Like most developed countries’, inheritance tax in France follows a series of tax codes that outline rules on how estates are taxed on death and the allowances available.
For expatriates and internationally mobile people, the challenge is somewhat more complex. Expats have to comply with rules in the country in which they live and in addition, rules in their home, or even a third country.
French Inheritance tax regulations are clearly defined and apply equally to both locals and foreigners. Essentially, there are two situations to consider:
- How to prepare correctly for future French inheritance tax related issues?
- What liabilities occur when the tax becomes due?
Inheritance tax in France: Gifting
Gifting is a popular way of managing the pre-tax situation of an individual’s estate. Knowing what can be done, the tax implications and what procedures need to be undertaken, is of vital importance. The best laid plans can be undone by either misunderstanding the system or not following the correct procedures.
The gifting of property in France
France has specific rules in terms of which assets can be gifted and the tax implications that apply with respect to the relationship between donors and donees. There are particular rules regarding the gifting of property. For example, it is possible to transfer ownership from parents to children. In such circumstances it is mandatory to employ the services of a ‘Notaire’, who will ensure that the correct paperwork is completed and stamp duty paid. Stamp duty is a form of transfer tax on property; it is currently 3% of the value. It should be noted that Notaire fees tend to be quite high. Those seeking to avail of the property transfer of ownership rules should therefore weigh up the costs and benefits of doing so before engaging in what may well turn out to be an expensive exercise.
The gifting of money, or liquid assets such as shares, is a relatively straight forward process. The amount that can be gifted within tax free allowances is dependent on the type of family relationship. The most common form of gifting is between parents and their children. There is a specific tax free allowance for lifetime gifts of up to 100,000 € per child; the allowance is renewable every 15 years. The tax free allowance for gifting to grandchildren is currently 31,865 €.

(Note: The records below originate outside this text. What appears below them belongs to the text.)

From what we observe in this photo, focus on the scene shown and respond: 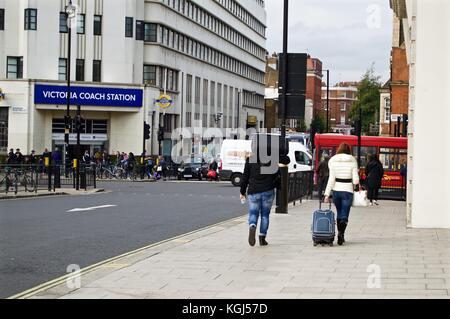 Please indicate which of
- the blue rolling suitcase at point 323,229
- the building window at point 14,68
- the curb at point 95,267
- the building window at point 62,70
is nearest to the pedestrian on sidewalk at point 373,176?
the curb at point 95,267

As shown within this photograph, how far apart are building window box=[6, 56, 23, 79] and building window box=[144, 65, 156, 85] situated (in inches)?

When gifts are made/received, they have to be registered with the French tax authorities in order to benefit from the allowance. A particular form needs to be completed and dispatched to the tax office; a Notaire can complete the form on your behalf.
Gifting allows individuals to gradually reduce the value of their total estate whilst at the same time avoiding the creation of tax liabilities for their children. If a donor dies before the end of the 15-year period, any gift could potentially be taxable under inheritance tax rules. However, given that each child has a 100,000 € tax free allowance in France on the death of a parent, there would be no tax payable on a gift up to this amount.
What to do with the gift?
What happens thereafter is dependent on where the money is held by the recipient of the gift. If the children are tax resident in France, it would make sense to take advantage of available tax benefits by investing in an Assurance Vie policy. Assurance Vie contracts allow the ‘tax free roll-up’ of funds if no withdrawals are made. In the event of withdrawals being taken, tax rates are lower than most other options.
Children who are tax resident outside of France would have to abide by the tax rules of the country they live in. Donees resident in the UK may wish to consider the placement of the money in a trust for tax planning purposes.